Our mission is to create a platform for encounters between artists, contemporary art and the public, to test and develop new models for site-dependent artistic practice, to explore the role of the artist within society, especially within rural contexts, and to support artists’ practices at the intersection of contemporary art, craft and societal engagement.
Rejmyre Art Lab’s Center for Peripheral Studies is a long-term, place-based, artistic research project. We come together to explore issues of vital concern through and with our varied artistic practices. We utilize an ensemble residency model to conduct this research, coming together to collectively think aspects of our complex existence in this place and time.

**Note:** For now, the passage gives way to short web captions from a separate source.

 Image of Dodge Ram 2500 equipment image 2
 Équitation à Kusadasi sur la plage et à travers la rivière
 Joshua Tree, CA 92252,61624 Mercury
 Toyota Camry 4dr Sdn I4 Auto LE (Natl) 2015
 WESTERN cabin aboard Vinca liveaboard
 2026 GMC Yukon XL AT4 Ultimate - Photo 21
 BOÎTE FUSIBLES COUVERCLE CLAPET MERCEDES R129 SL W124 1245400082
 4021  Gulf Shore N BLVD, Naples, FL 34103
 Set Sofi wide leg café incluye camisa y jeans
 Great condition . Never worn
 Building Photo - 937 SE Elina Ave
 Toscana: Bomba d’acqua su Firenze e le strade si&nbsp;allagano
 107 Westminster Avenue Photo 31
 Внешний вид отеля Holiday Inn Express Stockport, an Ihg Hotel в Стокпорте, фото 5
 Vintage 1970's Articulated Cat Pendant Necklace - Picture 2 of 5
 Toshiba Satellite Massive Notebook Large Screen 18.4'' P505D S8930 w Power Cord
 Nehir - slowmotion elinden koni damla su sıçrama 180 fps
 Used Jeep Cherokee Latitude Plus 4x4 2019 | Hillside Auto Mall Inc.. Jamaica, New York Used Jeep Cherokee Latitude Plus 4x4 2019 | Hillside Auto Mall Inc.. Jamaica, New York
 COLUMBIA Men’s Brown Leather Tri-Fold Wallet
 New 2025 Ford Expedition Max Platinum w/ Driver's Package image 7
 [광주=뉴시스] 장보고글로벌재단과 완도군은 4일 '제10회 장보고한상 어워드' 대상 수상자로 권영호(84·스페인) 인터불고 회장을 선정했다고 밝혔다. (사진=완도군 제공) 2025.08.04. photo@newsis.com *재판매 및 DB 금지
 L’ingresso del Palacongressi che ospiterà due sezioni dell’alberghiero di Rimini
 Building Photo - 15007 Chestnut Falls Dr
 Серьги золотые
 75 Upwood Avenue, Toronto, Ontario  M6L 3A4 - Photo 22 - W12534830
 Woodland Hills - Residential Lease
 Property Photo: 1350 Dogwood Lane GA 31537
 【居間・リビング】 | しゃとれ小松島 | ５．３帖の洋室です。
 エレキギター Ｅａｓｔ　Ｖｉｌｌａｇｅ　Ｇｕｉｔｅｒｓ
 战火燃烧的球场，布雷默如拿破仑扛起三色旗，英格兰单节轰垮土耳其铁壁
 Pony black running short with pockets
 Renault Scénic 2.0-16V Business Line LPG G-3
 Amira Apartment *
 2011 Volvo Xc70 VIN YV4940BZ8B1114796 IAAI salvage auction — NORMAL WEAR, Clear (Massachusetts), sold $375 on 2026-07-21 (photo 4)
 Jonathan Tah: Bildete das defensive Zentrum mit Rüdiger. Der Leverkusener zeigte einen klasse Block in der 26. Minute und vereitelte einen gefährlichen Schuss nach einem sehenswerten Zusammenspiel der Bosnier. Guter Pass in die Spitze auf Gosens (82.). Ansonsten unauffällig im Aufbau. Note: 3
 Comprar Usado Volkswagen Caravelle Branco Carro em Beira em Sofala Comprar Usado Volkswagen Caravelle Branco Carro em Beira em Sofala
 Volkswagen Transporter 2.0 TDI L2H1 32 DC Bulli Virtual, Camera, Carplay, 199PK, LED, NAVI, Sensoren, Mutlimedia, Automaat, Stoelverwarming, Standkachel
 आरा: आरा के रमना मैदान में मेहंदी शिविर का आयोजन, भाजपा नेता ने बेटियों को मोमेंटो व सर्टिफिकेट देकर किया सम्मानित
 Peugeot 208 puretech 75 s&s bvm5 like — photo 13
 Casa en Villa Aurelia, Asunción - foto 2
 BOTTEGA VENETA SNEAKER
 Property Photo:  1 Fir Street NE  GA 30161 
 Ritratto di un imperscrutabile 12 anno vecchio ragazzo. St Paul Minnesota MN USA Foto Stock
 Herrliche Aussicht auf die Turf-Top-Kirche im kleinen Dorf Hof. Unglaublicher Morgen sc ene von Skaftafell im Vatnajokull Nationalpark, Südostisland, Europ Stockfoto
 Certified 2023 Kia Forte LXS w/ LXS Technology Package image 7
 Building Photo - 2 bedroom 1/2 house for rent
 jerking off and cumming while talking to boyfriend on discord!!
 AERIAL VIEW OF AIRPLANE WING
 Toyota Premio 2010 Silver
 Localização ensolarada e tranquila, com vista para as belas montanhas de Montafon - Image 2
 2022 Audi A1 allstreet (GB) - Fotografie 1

Our activities include thematic artist residency programs, public seminars, exhibitions (in Konsthallen Engelska Magasinet), project studios (in The Refuging Pavilion), a research-based youth program (Konstlabbet), a post-MFA fellowship program and an annual program of installations in and around the town of Rejmyre.
Our installation program attempts to re-radicalize the notion of site-specificity, through a commitment to a philosophy of embedded installation in which there is an element of co-inhabitation and inseparable dependence at play in the relationship between an artwork and our site. In this place, designed largely for export, of its forests, quartz and craft labor, we ask the question, what is not for export?
Rejmyre Art LAB’s programming is born of a long-term engagement with and commitment to the town of Rejmyre in the Östergötland region of Sweden. Rejmyre is located amongst the forests and lakes two hours southwest of Stockholm. With a population of approximately 900 people, Rejmyre is a small factory town centered around the Reijmyre Glasbruk, a glass factory founded in 1810 and still in operation.
As an artist-run organization, the purpose of our work together in Rejmyre has been to create a post-institutional teaching and learning space for ourselves, and others, to continue to grow, engage in sustained critique and explore topics of collective interest. Our research strands emerge from our time together and thus follow a loose associative line from one to the other.